__WHAT THE TASK REQUIRES__.
Omit the pictures found among the records and print everything else exactly as it stands.

__RECORDS FOR PROCESSING__.
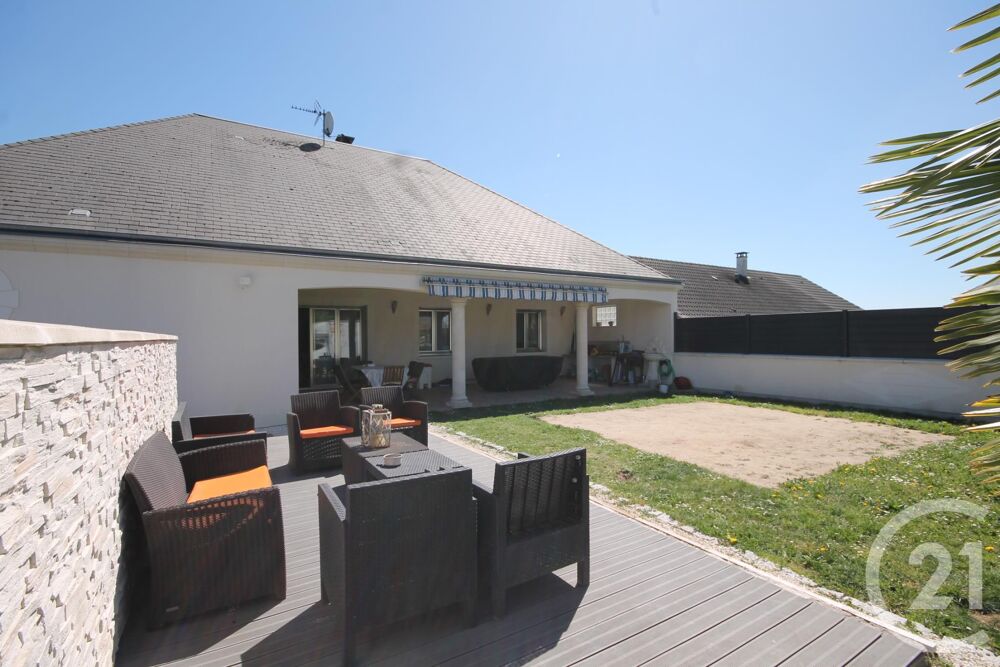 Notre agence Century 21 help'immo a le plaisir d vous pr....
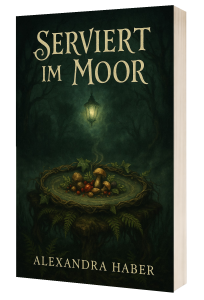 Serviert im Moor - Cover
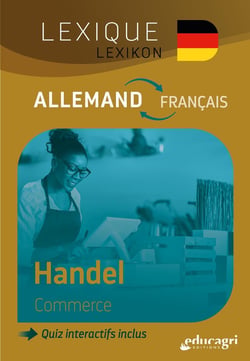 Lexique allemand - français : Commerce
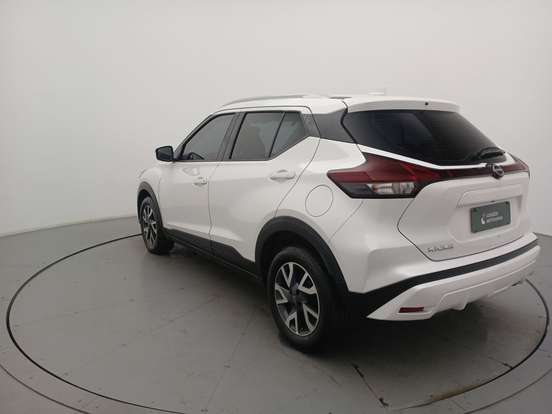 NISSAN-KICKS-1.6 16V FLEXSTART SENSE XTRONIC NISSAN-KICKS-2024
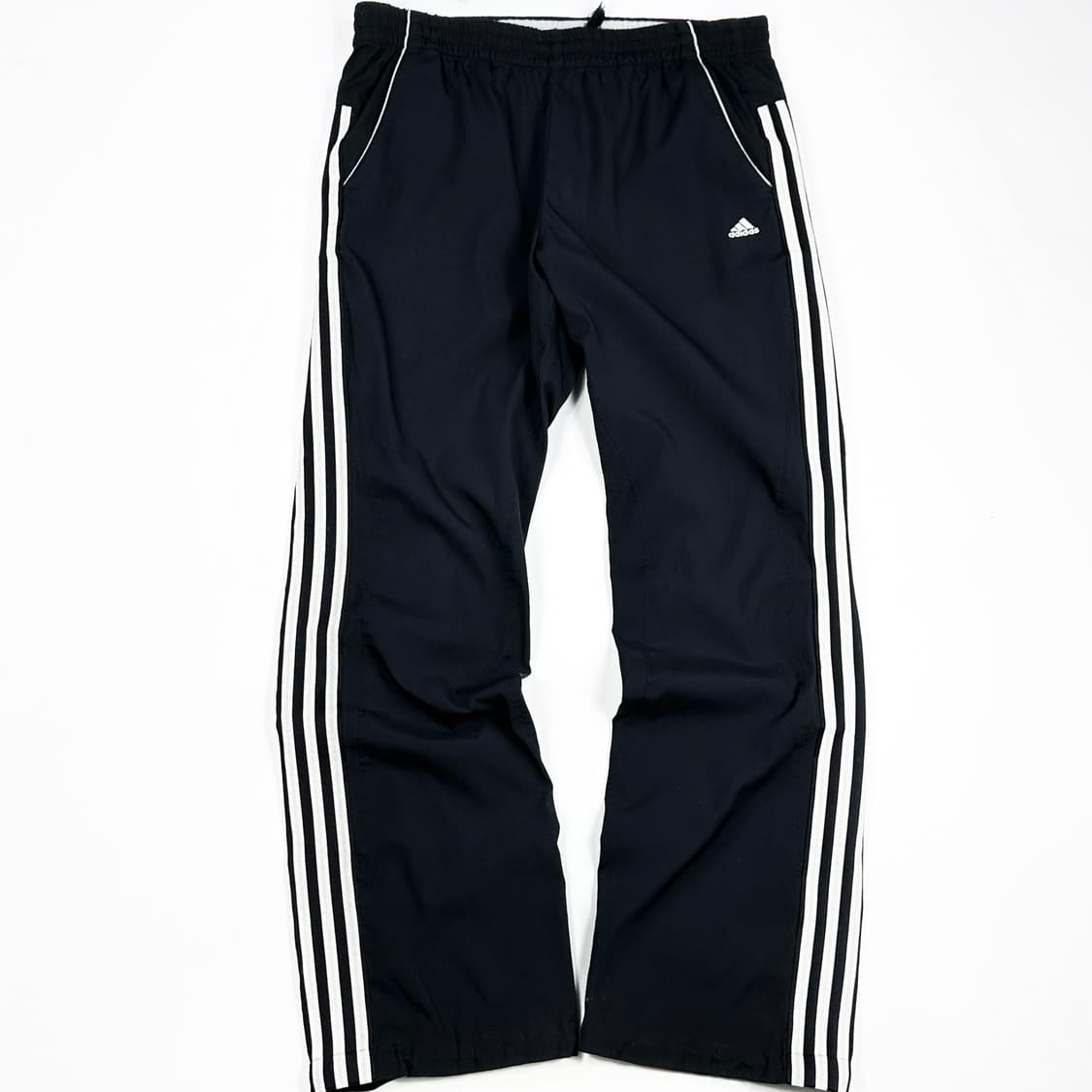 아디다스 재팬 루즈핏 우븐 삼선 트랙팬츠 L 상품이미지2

__TASK RESULT__.
 Notre agence Century 21 help'immo a le plaisir d vous pr....
 Serviert im Moor - Cover
 Lexique allemand - français : Commerce
 NISSAN-KICKS-1.6 16V FLEXSTART SENSE XTRONIC NISSAN-KICKS-2024
 아디다스 재팬 루즈핏 우븐 삼선 트랙팬츠 L 상품이미지2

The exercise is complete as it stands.